Thursday’s story was much different. Reno held its own on the boards in the postseason clash, only getting beat 38-35 in the rebounding department.
McGwire pulled down 11 of those for Reno while also chipping in seven points. In addition to Hascheff’s stellar outing, the Huskies got 10 points from CC Sobrio, nine from Shannon Gough and eight from Shaw.
“Gigi was huge in this game,” Foster said. “Shannon was a little frustrated as they concentrated on denying her the ball. But she didn’t get flustered. She handled it. She didn’t score it a lot but we didn’t need her to score a lot because we had other kids stepping up.”

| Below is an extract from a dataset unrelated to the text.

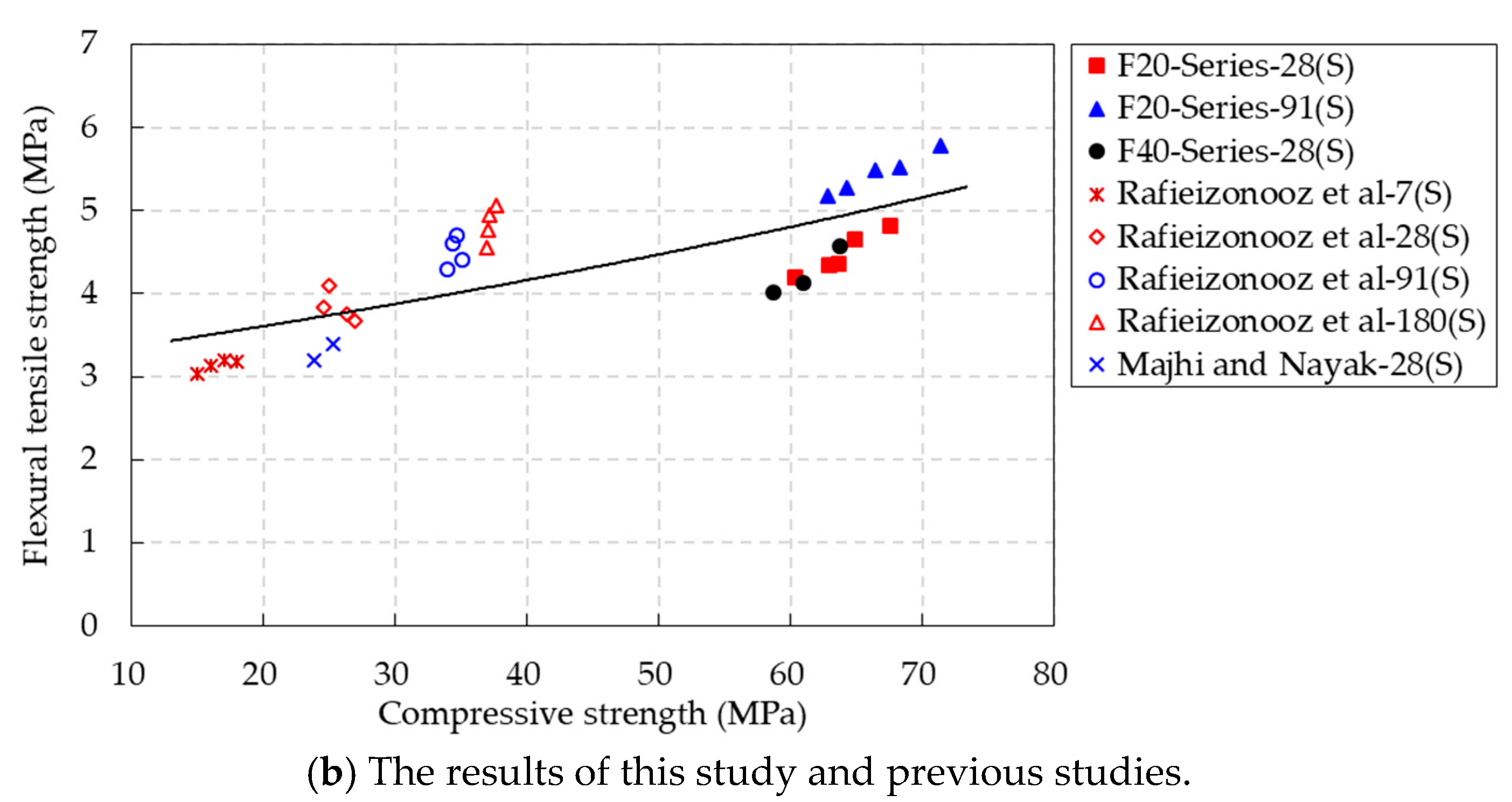 Materials 14 05381 g012b 550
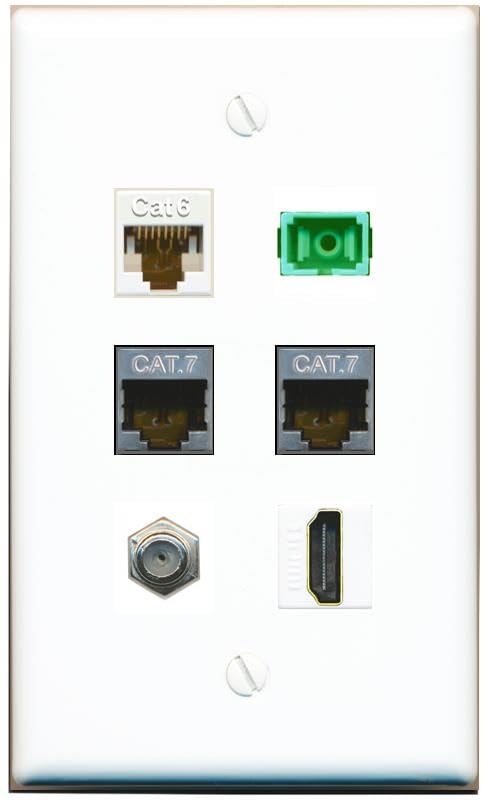 RiteAV CAT6 2 CAT7 Coax HDMI SC-APC-SX Flat/Solid Wall Plate [White]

Centennial won four straight 4A titles form 2002 to 2005. Then also won again in 2009 and 2011. The loss was only Centennial’s second in a state tournament game since 2001. The other came in 2007. Thursday’s loss also snapped the Bulldogs’ 23-game winning streak.
“We didn’t play defense,” Weitz said. “What defense? There was none. Did we play defense? I didn’t see defense. That’s not the defense I know. That’s not Bulldog defense. It’s just stunning to me and none of them have answers. That’s not my team.”
Breanna Workman and Brown led the CHS offense Thursday, finishing with 11 and 10 points respectively.
The 41-point outing was the worst offensive production by a Centennial team since it was limited to 39 by eventual state champion Bishop Gorman in February of 2008.
“They’ve never had any leadership. I’ve told them that all year long,” Weitz said of her squad. “We’ve had a problem with consistency and leadership. I told them ‘You better be careful because it’ll bite you when you get in a tight game or get in a big game. Whose back are you jumping on? Who are you going to look like. I’m ready to fight with you. Whose back are you going to jump on from the start of the game?’ They can’t jump on the coach’s back at this stage. We’ve done all we can.”
Reno’s win, coupled with Bishop Gorman not qualifying for the state tournament, guarantees a school other than Centennial or Gorman will win a state title for the first time since Reno won the 2001 championship.
The Huskies tip off the state final tonight at 6 p.m.